Talvez seja o poema mais conhecido de Álvaro de Campos. Oscilando entre o mundo interior e a realidade cósmica, universal, o poeta trata, ao mesmo tempo, da angústia com o quotidiano e dos sonhos de libertação. Isso pode ser observado a partir dos primeiros versos, cujo sentido vai se constituir na base de todo seu poema. Repare que o poeta é absolutamente niilista em relação a si próprio (“não sou nada./ Nunca serei nada./ Não posso querer ser nada”), mas, em compensação, ele sabe que tem “todos os sonhos do mundo”. Fechado em seu quarto, solitário, o eu-poético contempla uma rua, onde percebe um mistério, que é a morte e o destino que ninguém vê. Essa percepção extraordinária das coisas se dá devido à sua grande capacidade imaginativa, que o faz ver o que os outros não podem ver.
Vivendo seus sonhos, ele procura esquecer toda aprendizagem (isto é, aquilo tudo que aprendeu com os homens) e parte em busca da natureza, contudo essa solução não o satisfaz, na medida em que se sente desconfortável em qualquer lugar que esteja (“estrangeiro aqui, como em toda parte”, dirá o poeta em outro poema). Álvaro de Campos é radicalmente diferente de Alberto Caeiro (e mesmo de Ricardo Reis); a sua angústia, a sua lucidez não permitem que seja inocente, natural. Voltar à natureza torna-se uma utopia inútil. Na sequência, o poeta volta a opor a fantástica capacidade de sonhar à limitação do mundo exterior. Mas a sensação de euforia com o sonho não dura muito; mais adiante do poema, ele toma consciência de que os sonhos nada valem, pois as aspirações altas e nobres e lúcidas talvez nem vejam a luz do sol, nem atinjam ouvidos de gente. Na verdade, “O mundo é para quem nasce para o conquistar / E não para quem sonha que pode conquistá-lo”, ainda que tenha razão. Por isso, apesar de ter conquistado mais do que o grande conquistador Napoleão, de ter amado mais do que Cristo e de ter filosofado mais que Kant, isso de nada vale, na medida em que tudo se processou na imaginação. Para expressar essa sua impotência perante a realidade, Álvaro de Campos serve-se da imagem do homem que espera que lhe abram a porta numa parede sem porta, ou do homem que tenta fazer que sua voz chegue até Deus, cantando dentro de um poço tapado.

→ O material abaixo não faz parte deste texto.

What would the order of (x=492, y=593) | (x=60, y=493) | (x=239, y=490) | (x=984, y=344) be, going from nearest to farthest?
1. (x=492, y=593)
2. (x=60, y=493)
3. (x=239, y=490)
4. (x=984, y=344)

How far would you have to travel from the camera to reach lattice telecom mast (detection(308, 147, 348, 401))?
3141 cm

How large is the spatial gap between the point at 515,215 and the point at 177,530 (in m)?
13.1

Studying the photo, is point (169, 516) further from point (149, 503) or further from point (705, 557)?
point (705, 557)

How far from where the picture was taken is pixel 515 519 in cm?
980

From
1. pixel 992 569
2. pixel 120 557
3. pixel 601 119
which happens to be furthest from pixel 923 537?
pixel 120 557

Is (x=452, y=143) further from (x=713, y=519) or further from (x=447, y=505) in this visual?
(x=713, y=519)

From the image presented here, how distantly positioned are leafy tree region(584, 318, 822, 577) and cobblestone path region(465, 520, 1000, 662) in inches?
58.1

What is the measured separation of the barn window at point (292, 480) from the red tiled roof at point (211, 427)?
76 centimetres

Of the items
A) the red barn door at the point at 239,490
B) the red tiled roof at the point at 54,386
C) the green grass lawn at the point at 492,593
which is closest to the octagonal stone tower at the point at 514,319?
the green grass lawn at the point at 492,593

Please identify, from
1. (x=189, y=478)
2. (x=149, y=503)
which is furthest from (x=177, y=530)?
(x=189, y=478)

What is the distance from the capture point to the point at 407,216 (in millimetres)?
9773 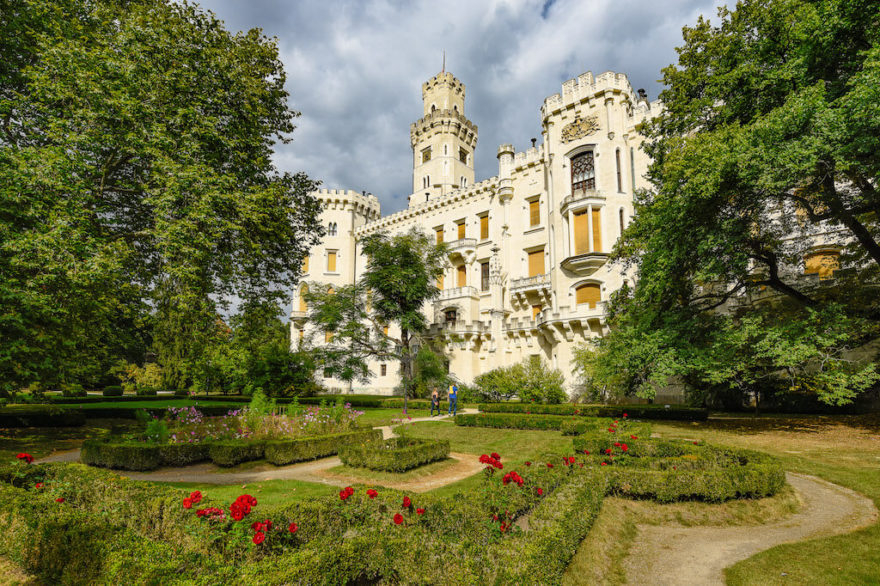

Assim, o poeta vê-se como um “escravo cardíaco de estrelas”, ou seja, uma pessoa que sonha com as estrelas e sofre de uma doença cardíaca, que o impede de ter emoções fortes, ou como quem só conquista tudo em sonhos. O resultado é um distanciamento cada vez maior da realidade, do mundo visível. A consciência disso causa-lhe um cansaço, um sofrimento, de maneira que passa a invejar uma menina que come chocolates inocentemente. Nesse momento, Álvaro de Campos toca num aspecto que é uma constante na obra de Fernando Pessoa: pensar é doloroso, por impedir o homem de ser feliz. Na outra estrofe, ao sentir o vazio dentro se si, o poeta procura alguma coisa que o inspire. Por isso recorre a musas inspiradoras do passado, mas a sensação de vazio continua a mesma, já que seu “coração é um balde despejado”.
Na realidade, Álvaro de Campos expressa aqui a angústia do homem moderno, que não encontra mais ponto de apoio para as suas inquietações e, por isso mesmo, se entrega ao desespero. Essa consciência da inutilidade de tudo leva Campos a sentir-se um exilado, um ser à parte em relação à humanidade. Ele imagina o mundo como se fosse um teatro, onde todos representam e o “eu” é o único que não sabe nem pode representar. Devido a isso, o seu lugar no teatro é no vestiário e nunca no palco.
Os versos finais do poema colocam frente a frente o eu-poético e o dono da tabacaria que representa o homem comum, o homem sem inquietações metafísicas. Ao vê-lo, o poeta experimenta uma sensação de desconforto e passa a ter a sensação da absoluta inutilidade de tudo, até da própria poesia. O poema fecha com a absoluta solidão do poeta, que tem consciência de que nada vale a pena, enquanto o dono da tabacaria, sem consciência alguma do que o rodeia, apenas sorri.